# The bass are bedding



## Lundy (Apr 5, 2004)

I haven't had much time to spend with the new pond, way too busy still trying to move in this weekend.

My son, Big Joshy, came over today and we went around the bank on one side of the pond and saw 7-10 beds with bass on them. Really cool after 52 years to have my own pond, finally!!


----------



## WillyB (Apr 7, 2004)

Lundy, not at my pond yet. It is spring fed and the water temps are just now reaching 60. The bass, hybrid gills & crappies are really hitting. This is the 3rd year for my pond and I love it. Lots of work but I enjoy every minute of it!!


----------



## Mushijobah (May 4, 2004)

Lundy, where is your pond? Did you build it? if so, a link to the process if you have it?


----------



## Lundy (Apr 5, 2004)

Mushijobah said:


> Lundy, where is your pond? Did you build it? if so, a link to the process if you have it?


No, I didn't build it. It is about 3/4 acre and is in the back yard of the house I just purchased. It is more rectangular than round with a small island and pretty deep water. It has 12-15' in a much of the pond. There are a bunch of big oak trees on the property and the bottom is covered with leaves. There is also quite a bit of algae around the edges and floating in small clumps. 

The pond needs some help for sure. I just acquired a aeration system and hope to get in installed in the next week or so to be step one in the process of trying to manage this pond.

So far,

This house was empty for 12 months and was fished hard by the locals. I think anything caught worth keeping was kept

Good numbers of bass - OK, but seem to small to eat larger bluegill. Probably need thinned out

Bluegill - 5-7" - will be putting in a feeder system. There were 3 dead 10" bluegill in the pool when we bought this house, but we haven't seen any near that size in the pond yet

White crappie - Bad - not sure how many, 9-12"

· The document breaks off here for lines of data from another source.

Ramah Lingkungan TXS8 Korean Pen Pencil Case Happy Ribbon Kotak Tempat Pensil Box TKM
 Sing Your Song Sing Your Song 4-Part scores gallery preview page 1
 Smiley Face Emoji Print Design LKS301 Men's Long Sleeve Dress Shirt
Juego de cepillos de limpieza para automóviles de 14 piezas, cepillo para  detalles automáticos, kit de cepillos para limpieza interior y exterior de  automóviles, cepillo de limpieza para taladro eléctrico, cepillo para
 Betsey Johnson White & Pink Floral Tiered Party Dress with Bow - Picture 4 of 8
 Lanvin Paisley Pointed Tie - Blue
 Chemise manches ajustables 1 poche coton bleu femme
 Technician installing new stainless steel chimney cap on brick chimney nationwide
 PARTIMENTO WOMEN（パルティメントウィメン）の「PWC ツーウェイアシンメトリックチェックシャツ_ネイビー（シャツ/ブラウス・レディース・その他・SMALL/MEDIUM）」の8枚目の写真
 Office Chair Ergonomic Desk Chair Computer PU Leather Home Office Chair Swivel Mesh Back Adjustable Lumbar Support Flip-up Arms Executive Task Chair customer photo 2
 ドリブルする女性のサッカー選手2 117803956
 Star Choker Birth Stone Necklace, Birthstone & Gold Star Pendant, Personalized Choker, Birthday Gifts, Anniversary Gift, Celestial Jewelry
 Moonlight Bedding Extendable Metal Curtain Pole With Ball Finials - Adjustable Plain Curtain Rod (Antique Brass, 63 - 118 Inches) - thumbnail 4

Catfish - undecided, one 5-6 lb caught, one seen swimming in the shallows last night

White amur - One seen, not sure how many


----------



## Fishman (Apr 5, 2004)

At several ponds I've already seen bluegills making their nest! Been seeing bass nest for a solid 2 weeks down here in Cincinnati. Have also saw crappies on beds at two seperate locataions.


----------